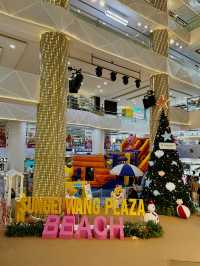 Klang Valley’s Christmas Magic: A Festive Wonderland! 🎄✨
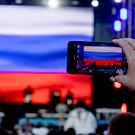 Доклад правительства РФ: За 13 лет показатель гражданской идентичности вырос на 36,3%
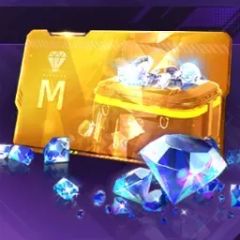Monthly Membership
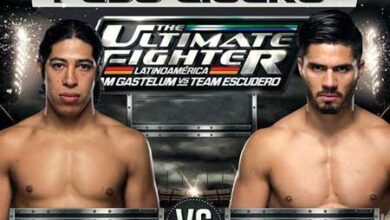 Photo of Avance capitulo 3 TUF Latinoamérica 2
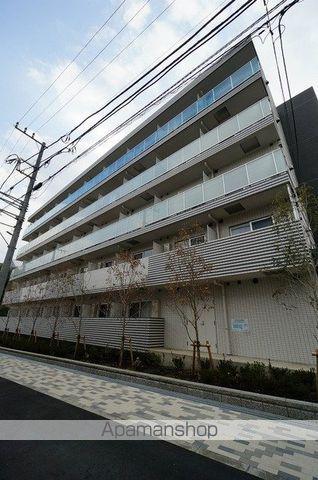 ラフィスタ宮崎台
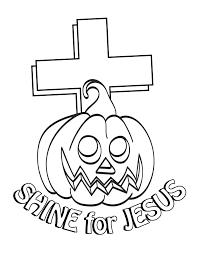 When it gets too hot to play outside, these summer printables of beaches, fish, flowers, and more will keep kids entertained. 10 Best Christian Halloween Printables Printablee Com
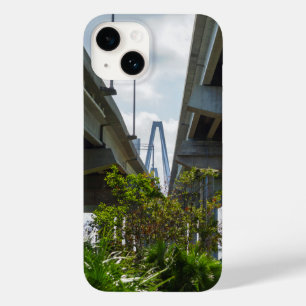 Funda Para iPhone 14 De Case-Mate Debajo de Arthur Ravenel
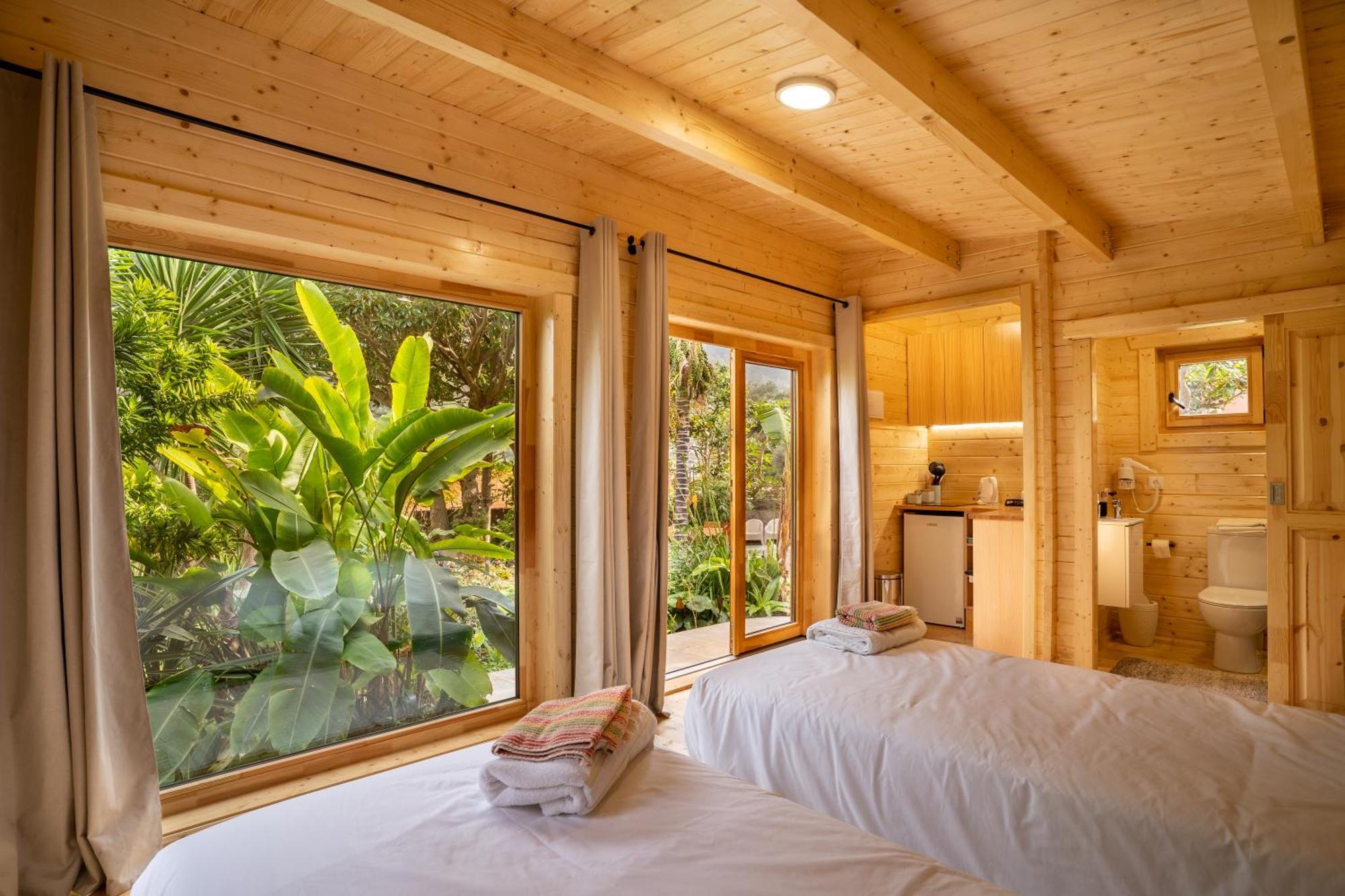 Madeira Surf Lodge São Vicente Εξωτερικό φωτογραφία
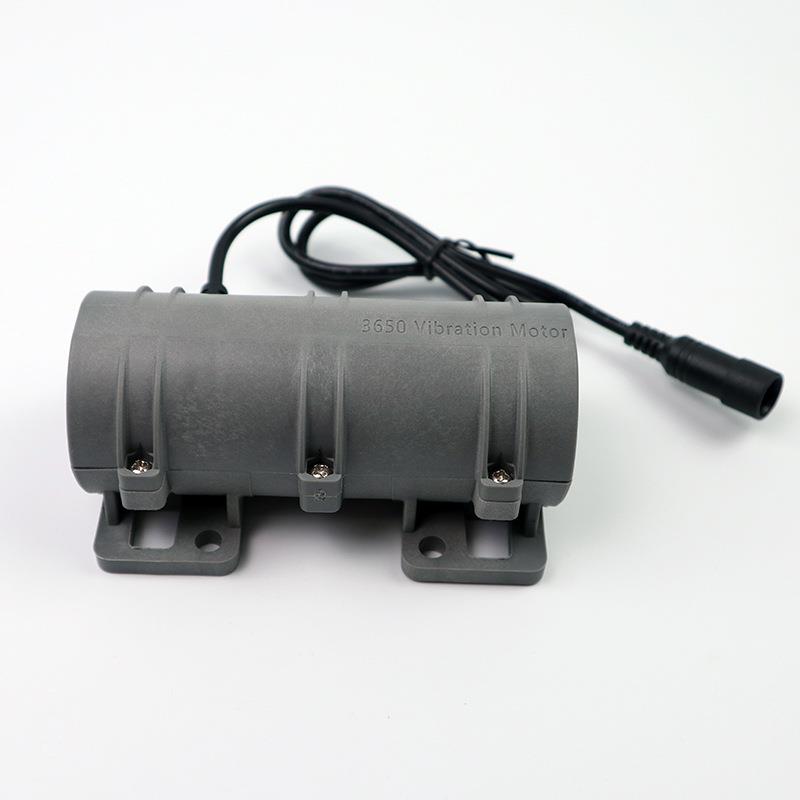 【折扣价】R3650直流12V/24V振动马达按摩床震动电机抖动颗粒饲料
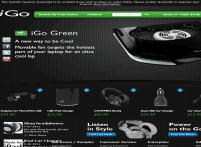 iGo Discount Coupons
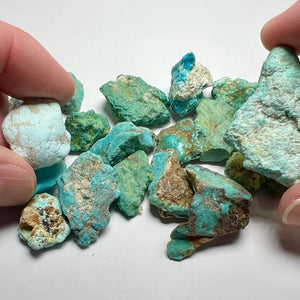 Turquoise - Kingman Arizona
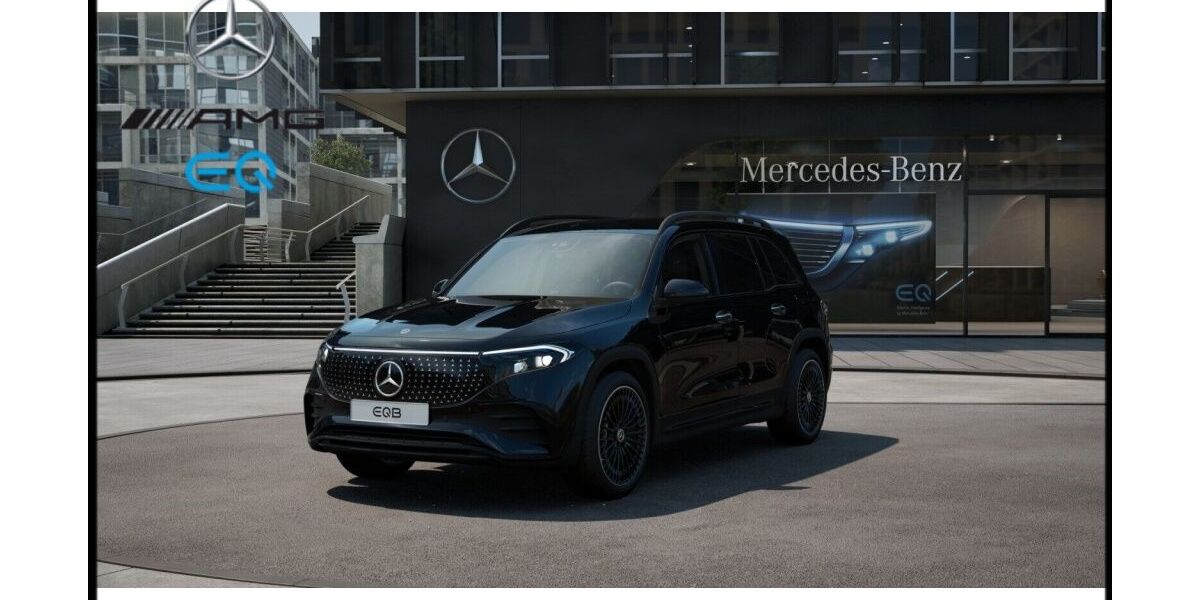 Mercedes-Benz EQB 15.549 km 43.840 &euro; Hagen 58135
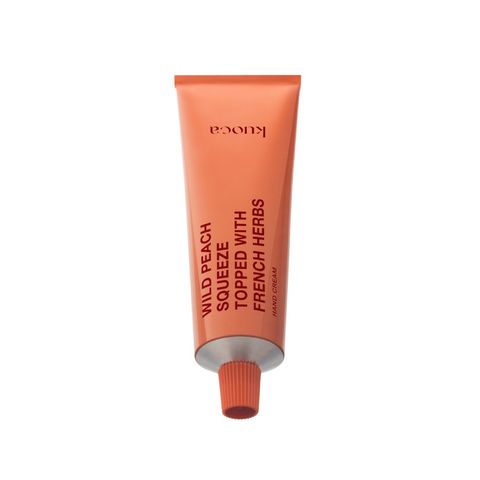 【残りわずか】Hand Cream(WILD PEACH)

### PROBLEM TO WORK ON
Transcribe, exactly and without pictures, everything in the data from the line with "Funda Para iPhone" down to the line with "Mercedes-Benz EQB 15.549", both included.

### FINISHED EXERCISE
 Funda Para iPhone 14 De Case-Mate Debajo de Arthur Ravenel
 Madeira Surf Lodge São Vicente Εξωτερικό φωτογραφία
 【折扣价】R3650直流12V/24V振动马达按摩床震动电机抖动颗粒饲料
 iGo Discount Coupons
 Turquoise - Kingman Arizona
 Mercedes-Benz EQB 15.549 km 43.840 &euro; Hagen 58135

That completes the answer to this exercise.